TASK – Extract the stretch of lines that starts at the line with "This is Pat" and ends at the last line of the data below. Give it exactly, without pictures.

DATA FOR THIS TASK –

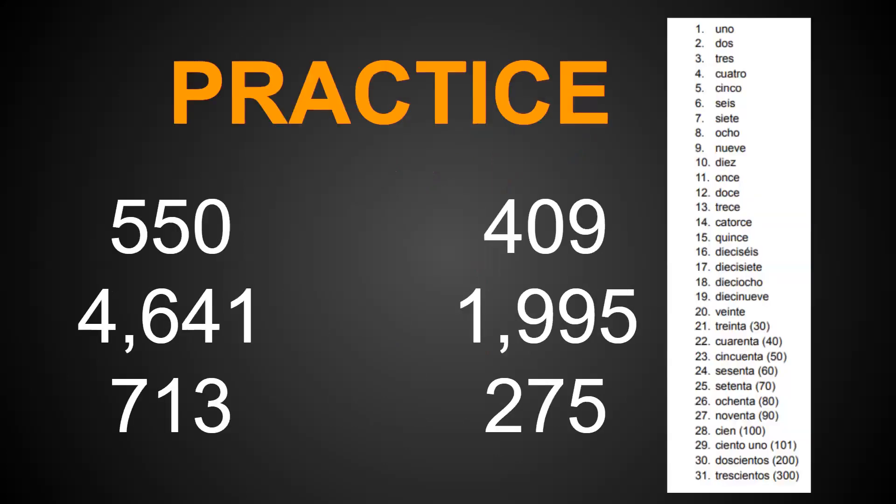I think we're starting to get the hang of it, but I want you to try a few examples on your own. Pause the video now, and using your notes on the screen, try to write out the following numbers. When you're ready to check your answers, press play.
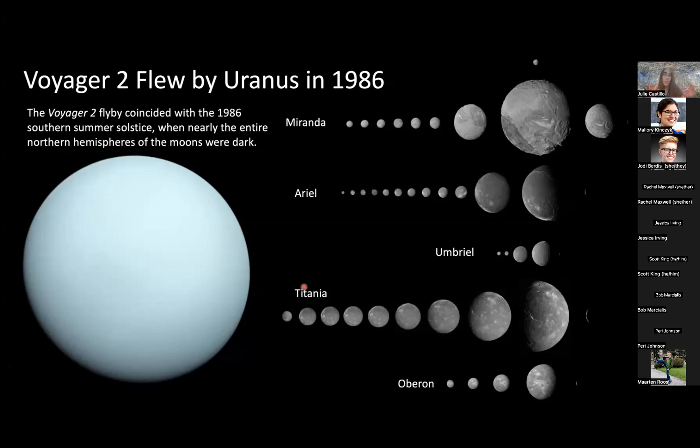The best knowledge we have of the moons dates back to the flyby by Voyager 2 in 1986. These are all the pictures that have been acquired of the moons, and the amount of observations differs significantly from one moon to another. Miranda has been well observed, but Umbriel not so much. When Voyager 2 flew by the Uranian system, the northern hemispheres of the moons were in the dark. Altogether, we have about 35 to 40 percent coverage of the surfaces. The next mission will reveal what's on the other hemispheres — hopefully we're going to have a lot of surprises.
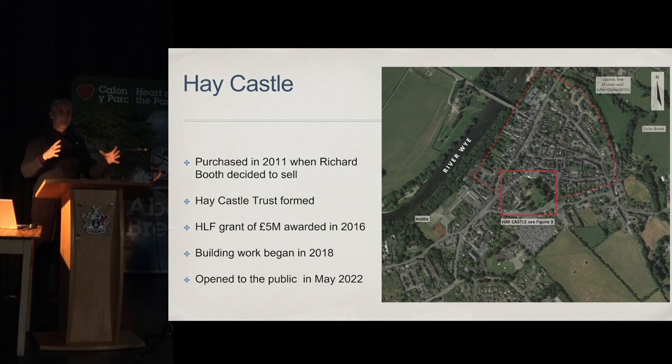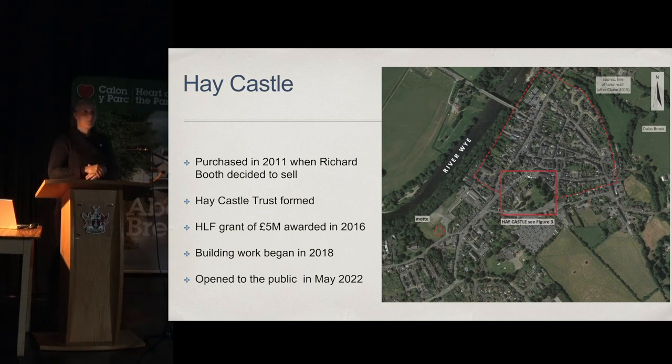Hay Castle, right in the middle of Hay-on-Wye, is a site that has been in private hands for probably over 900 years. This was something that we wanted to change. When the castle was put on the market in 2011, the previous owner — King Richard Booth, as we like to refer to him in Hay — decided to sell. A group of local people got together and formed Hay Castle Trust. The castle was purchased thanks to a very generous donation, and in 2016 we were finally successful in getting our just under £5 million HLF grant.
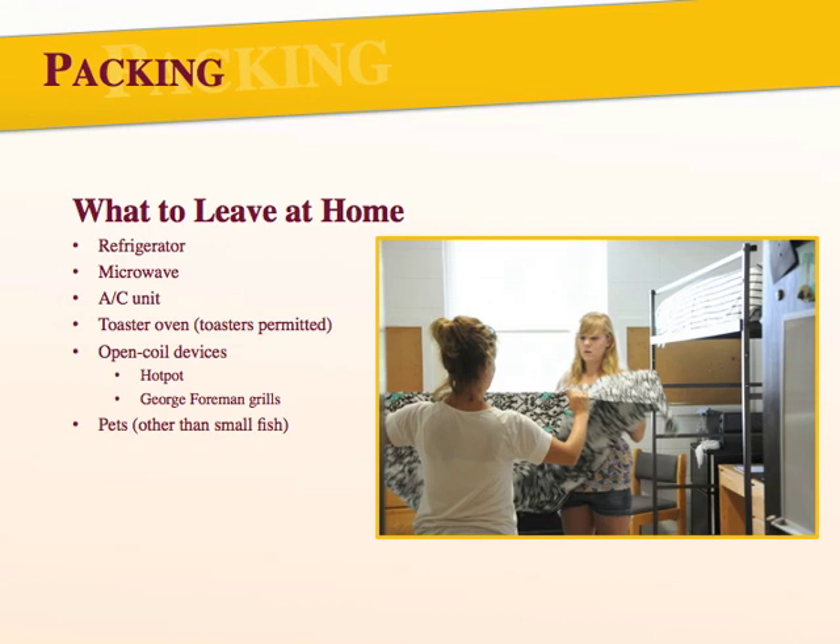There are also some items you'll want to leave behind. Every room has a micro-fridge provided, so you are not permitted to bring your own microwave or refrigerator. All of our buildings are also air-conditioned, so you don't need to bring your own AC unit. For fire safety reasons, you are not permitted to have a toaster oven, though you can bring a toaster. You are not allowed any open-coil devices, such as hot pots or George Foreman-like grills. You are not allowed pets other than small fish, even if they're just visiting. Also, you are not allowed extension cords. We recommend you review your housing contract to familiarize yourself with items that are not permitted, and if you have any questions, please contact the Department of Residence Life. If you do pack any items that are not permitted, you will be asked to remove them from the building.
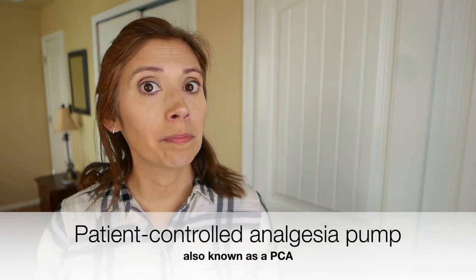Also hooked up to my IV was a patient-controlled analgesia pump, also known as the PCA. Mine had morphine in it and I was given a button that I could push whenever I wanted a dose administered. That button was hooked up to a timer so I could only get a dose every 15 minutes. So after I pressed the button, the timer would start and when the 15 minutes was up, a light would turn on letting me know that I could hit the button again. If you hit the button when the light was off, it just wouldn't do anything. For the first day or so, I was hitting that button every time the light was going on.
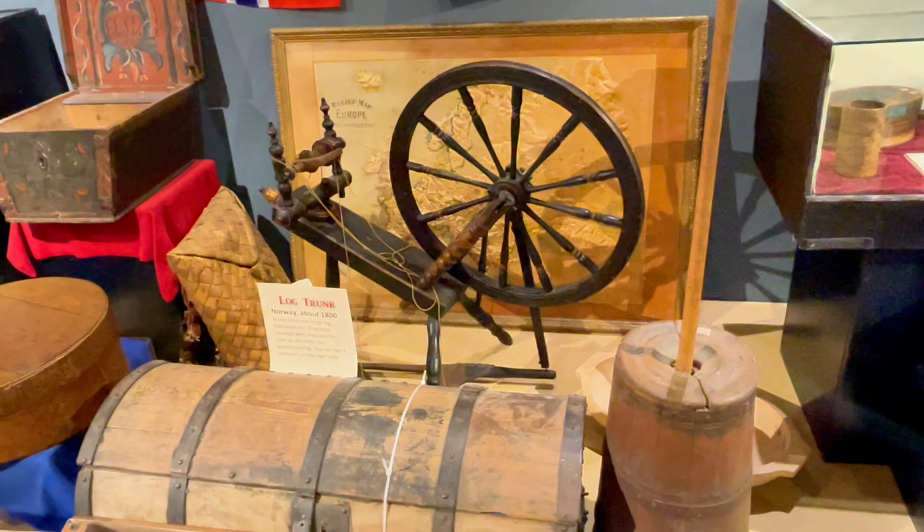Whether you're drawn to the historical treasures at the Runestone Museum, the bustling streets of Minneapolis, or the breathtaking beauty of the Boundary Waters, Minnesota is a destination filled with adventure and discovery. Plan your visit today and uncover the magic of the North Star State. If you enjoyed this video, please be sure to hit the like button, subscribe and hit the notification bell for more like this from Random Places every week. Have questions or feedback? Let us know in the comments below. Thanks for watching and stay tuned for more from Random Places where you'll discover the unexpected.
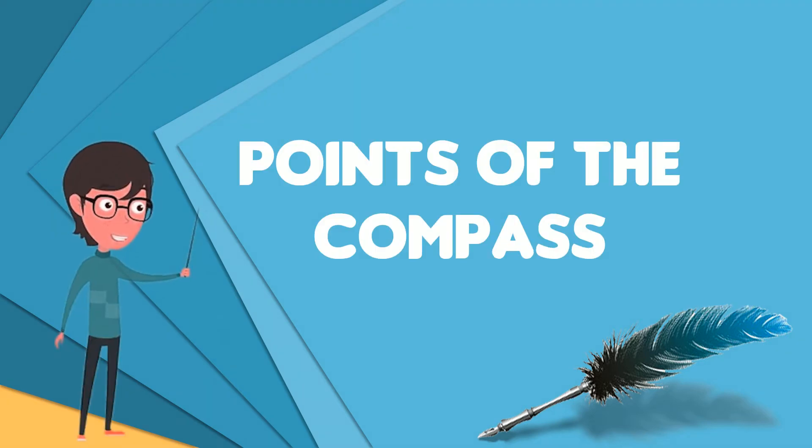The points of the compass mark the divisions on a compass, which is primarily divided into four points: north, south, east, and west.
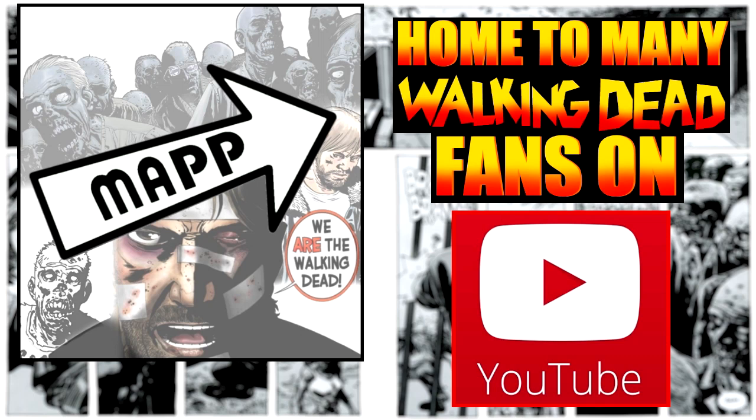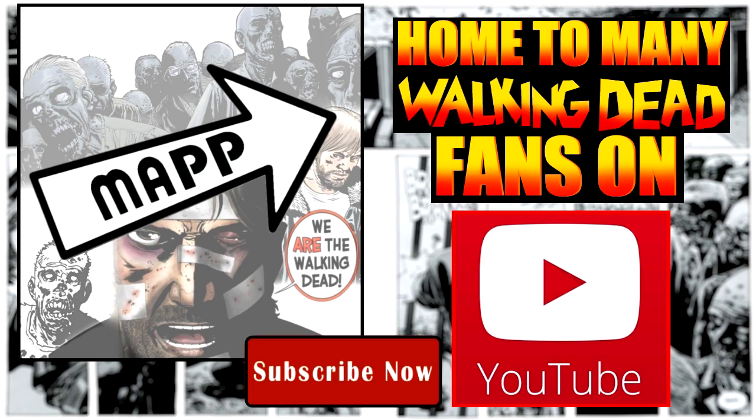While we're on the topic of variants, what are some of your favorite Walking Dead comic variants? I'm dying to know so I can zero in on ones I don't know about yet and add them to the collection. Thoughts and opinions in the comment box — subscribe now.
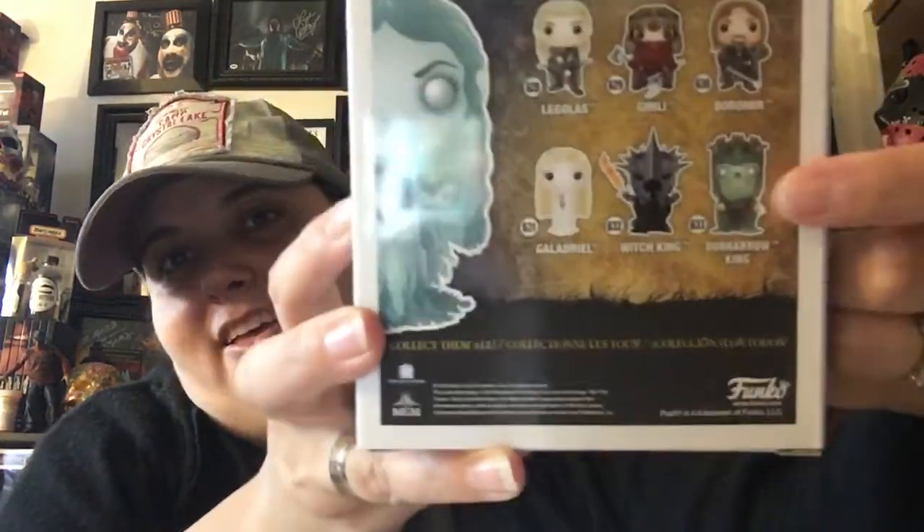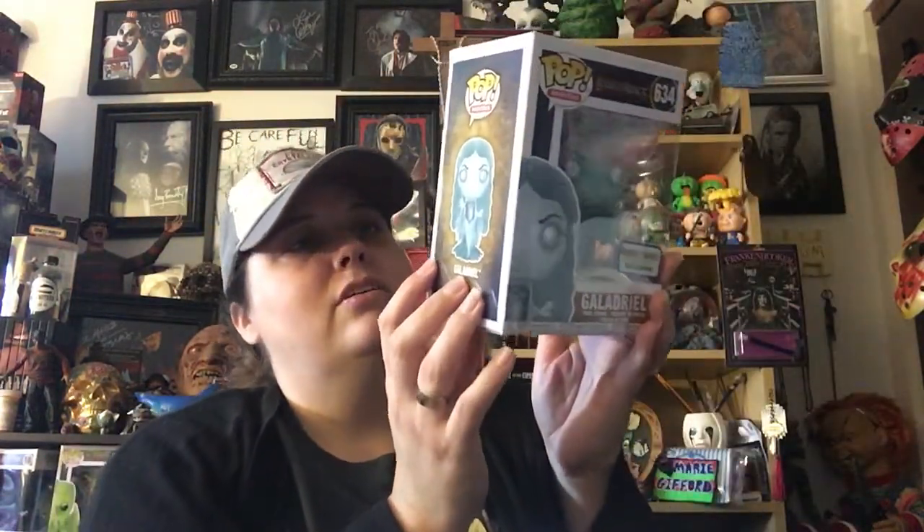I have to get the Witch King and the Dunharrow King — that spooky guy right there. So those are the only ones I want from the new series. Maybe Gimli because I don't think I have a big Gimli, I just have him in little mini form. So Gimli would be okay. But I already have Legolas and Boromir. I don't have most of the people. But Galadriel looks awesome, especially because she looks like she's glow in the dark. Is she glow in the dark or just translucent? She's probably just translucent. She's still really cool. I like her. So that's really awesome with her eyes all white. That's a really awesome pop.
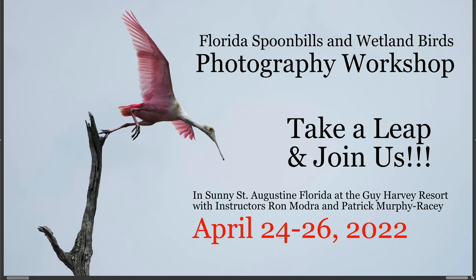This is Pat Murphy-Racy. I'm talking to you today about the Florida Spoonbills and Wetland Birds Photography Workshop that's happening in about three months from now. I'm recording this video in early January of 2022. We're going to be gathering in St. Augustine, Florida, staying at the Guy Harvey Resort. I'll be joining Ron Madra — the two of us are the instructors on this.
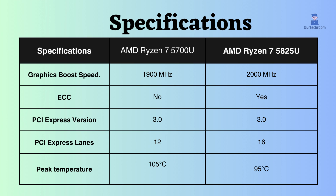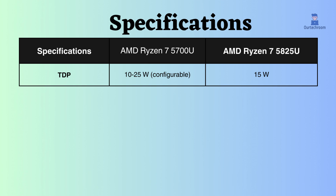AMD Ryzen 7 5700U can withstand higher temperatures than AMD Ryzen 7 5825U. Additionally, the TDP of AMD Ryzen 7 5700U is configurable and can go lower than AMD Ryzen 7 5825U. So for power consumption, AMD Ryzen 7 5700U is better and configurable.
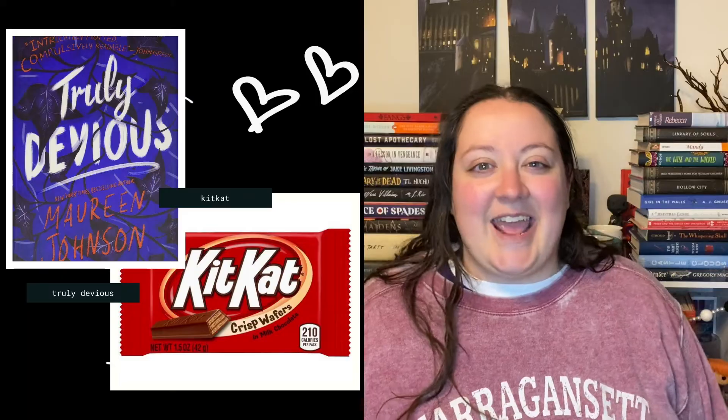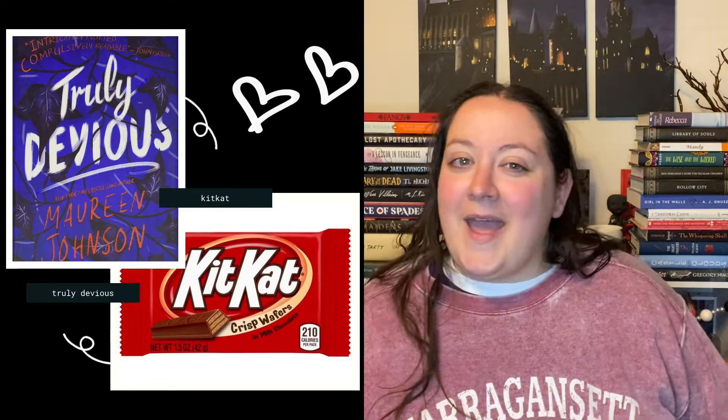Next we have Kit Kats, and for this I am pairing it with Truly Devious. The two halves of one candy pair perfectly with the dual timeline of this awesome dark academia mystery.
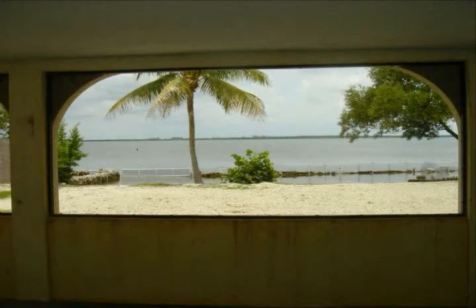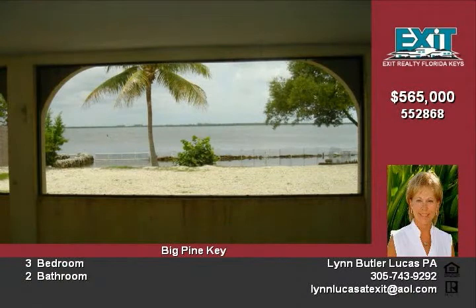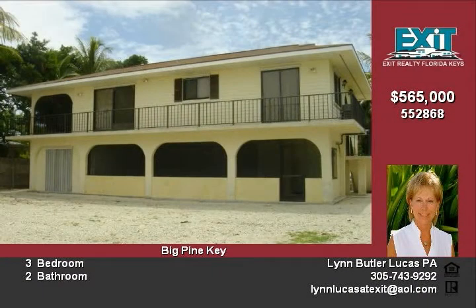Open water! A spacious home with room for all of the toys. Fantastic views from most all of the rooms in the house. Wonderful screen porch off the living room and master bedroom to enjoy the open water breezes and views.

RESULT OF THIS TASK –
This is Pat Murphy-Racy. I'm talking to you today about the Florida Spoonbills and Wetland Birds Photography Workshop that's happening in about three months from now. I'm recording this video in early January of 2022. We're going to be gathering in St. Augustine, Florida, staying at the Guy Harvey Resort. I'll be joining Ron Madra — the two of us are the instructors on this.
AMD Ryzen 7 5700U can withstand higher temperatures than AMD Ryzen 7 5825U. Additionally, the TDP of AMD Ryzen 7 5700U is configurable and can go lower than AMD Ryzen 7 5825U. So for power consumption, AMD Ryzen 7 5700U is better and configurable.
Next we have Kit Kats, and for this I am pairing it with Truly Devious. The two halves of one candy pair perfectly with the dual timeline of this awesome dark academia mystery.
Open water! A spacious home with room for all of the toys. Fantastic views from most all of the rooms in the house. Wonderful screen porch off the living room and master bedroom to enjoy the open water breezes and views.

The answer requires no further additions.